Gonna try it now, Thanks for the help!

----------

## Carlos

 *thadk wrote:*   

> how odd, wonder why they would let it do that automatically, I used a script to generate it and cped it over to the regular spot.

 Yeah, it is odd; how do you start X?

 *Quote:*   

> Gonna try it now, Thanks for the help!

 No problem; do report back on whether it works, since I've been drooling over the MX500/700 since I saw it a few weeks ago, but there'd be no point in buying it if I couldn't get all the buttons working.

----------

## thadk

heh, yeah, that might be it. . . I had that in root and was starting X with `startx` and `gdm` probably always in that dir.

the mouse is very nice actually but I can't get the top 3 extra buttons to do anything except as another scrollwheel-up/scrollwheel-down and no-button-at-all respectably front to tail.

 If I could figure out the imwheel config I could get the forward and back buttons on the side working. I sorta did but didn't spend enough time sqrewing with them to set them properly. It might be partially my phoenix-cvs which has reported problems too...but it's definitely sending something--I just have no idea what it is...almost like a page up but not...

I did a lot of searching and there doesn't seem to be a solution anywhere yet to the 10 button problem. I found a thread on the usb mouse dev module message board where someone asked about the 10 buttons but never got a reply and someone who started working on an equivilent battery-monitor function (in windows drivers now) for linux. You mentioned something about imwheel for an arbitrary number of buttons? How do you work that? It seems to be differentiating the same way X is right now.

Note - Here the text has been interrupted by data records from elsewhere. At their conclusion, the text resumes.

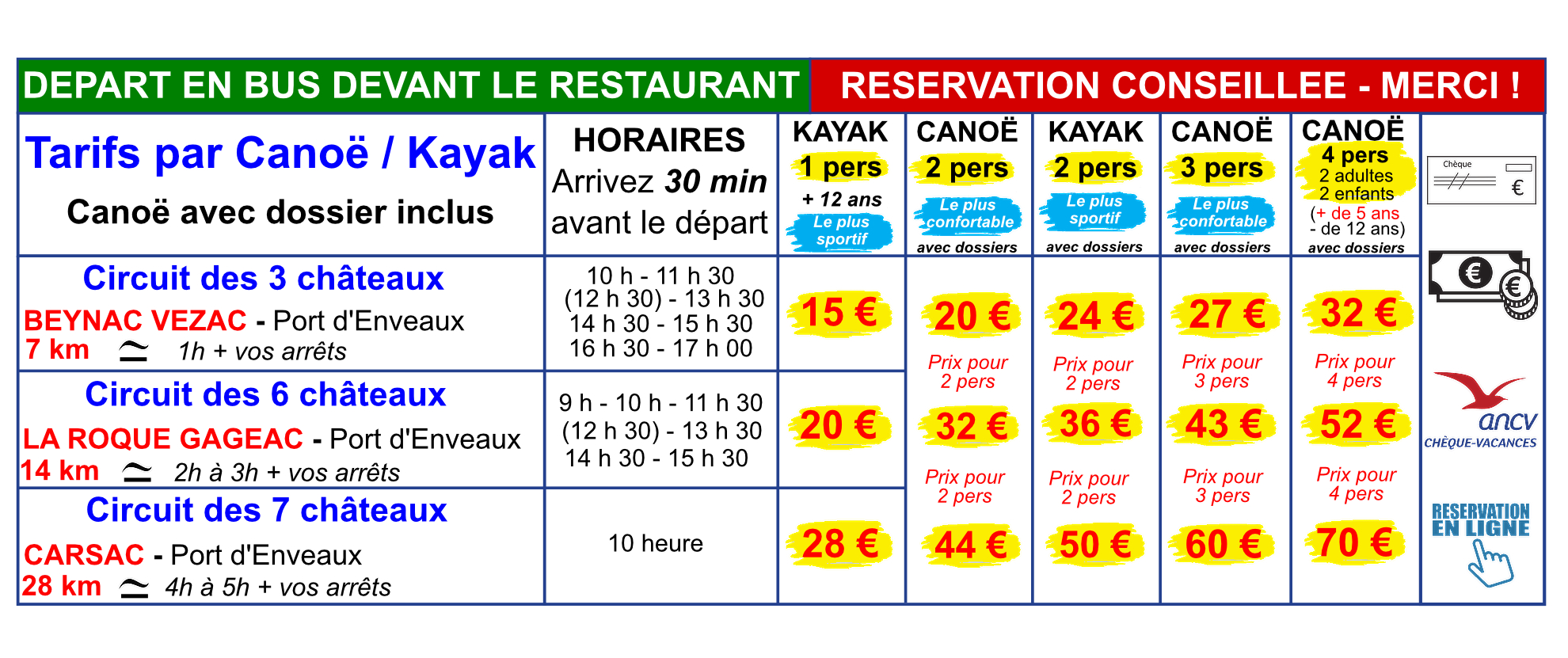 Tarifs Location Canoe Dordogne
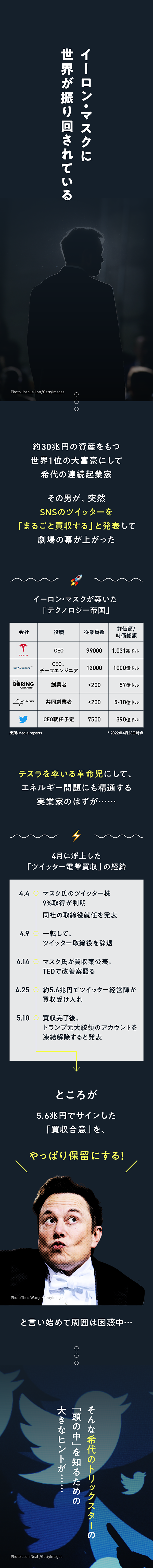 完全解説】世界を騒がす、イーロン・マスクの「頭の中」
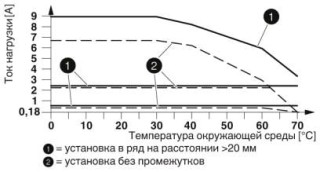 Диаграмма, График изменения характеристик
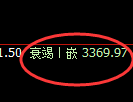 热卷期货：由4小时低点，精准展开大幅反弹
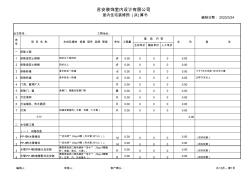 室內(nèi)裝修預算書完整版(模版)
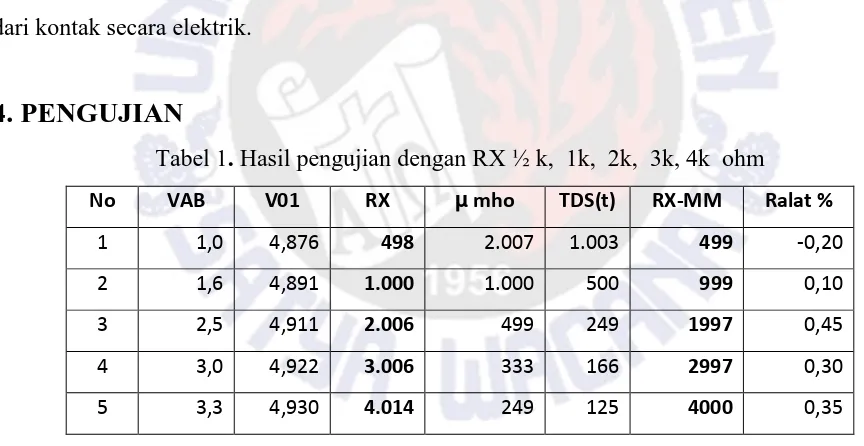 Tabel 1. Hasil pengujian dengan RX ½ k,  1k,  2k,  3k, 4k  ohm 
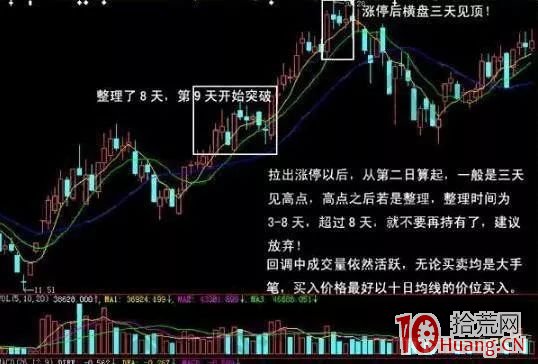 漲停板買賣操作三八原則(圖解) 漲停板買賣操作三八原則(圖解),拾荒網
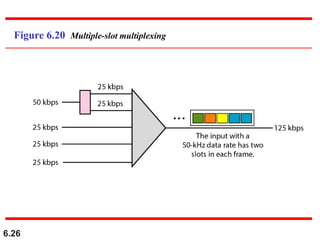 6.26
Figure 6.20 Multiple-slot multiplexing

Other than the extended-extra buttons being qwerky, the mouse is very usable, comfortable and is much more sensitive/correct in it's cursor rendering(erm, whatever). My older logitech mouseman-usb would jump around when I used it on wood-grain, this one fixes it. The recharger is also pretty convenient and seems to recharge very quickly (1 hr?). Wireless is much more convenient than I thought it'd be...gets me out of my rsi prone old position and I imagine if I could get those other buttons programed to do things  it'll only work better...Last edited by thadk on Sat Jan 04, 2003 9:49 am; edited 1 time in total

----------

## Carlos

 *thadk wrote:*   

> the mouse is very nice actually but I can't get the top 3 extra buttons to do anything except as another scrollwheel-up/scrollwheel-down and no-button-at-all respectably front to tail.

 I think you need to set Buttons to 10 in XF86Config, since that's the correct total number of buttons: left, right, middle, wheel up, wheel down, up button, down button, the button under the down button, thumb back, thumb forward.  Then, try all the buttons with xev, and you should be able to configure them with imwheel.

As for imwheel, you should be able to map the last three buttons once you've changed your XF86Config.  I don't know how to do that kind of stuff, so you're on your own there.

 *Quote:*   

> Other than the extended-extra buttons being qwerky, the mouse is very usable, comfortable and is much more sensitive/correct in it's cursor rendering(erm, whatever). My older logitech mouseman-usb would jump around when I used it on wood-grain, this one fixes it. The recharger is also pretty convenient and seems to recharge very quickly (1 hr?). Wireless is much more convenient than I thought it'd be...gets me out of my rsi prone old position and I imagine if I could get those other buttons programed to do things  it'll only work better...

 Yeah, I thought it would be a nice mouse.  Right now I have a Logitech dual optical, but I'm starting to crave wirelessness - although it's the extra buttons that attract me most.  Now, if only there were a wireless happy hacking keyboard...

----------

## patr0ck

Those settings worked for me under slackware 8.1.. but now i've some troubles with my mx700 (usb). The mouse does strange things. for example copy/paste if I move it... 

what's the problem? should I load mousedev and how to enable this module?

----------

## IcePhoenix

Hey guys. I have a question pertaining to the MX700 as well. When I had Red Hat, I could play UT2003 perfectly. After changing distros to Gentoo, the mouse lags and it makes it hard to play the game in any capacity. Anyone run across this before?

----------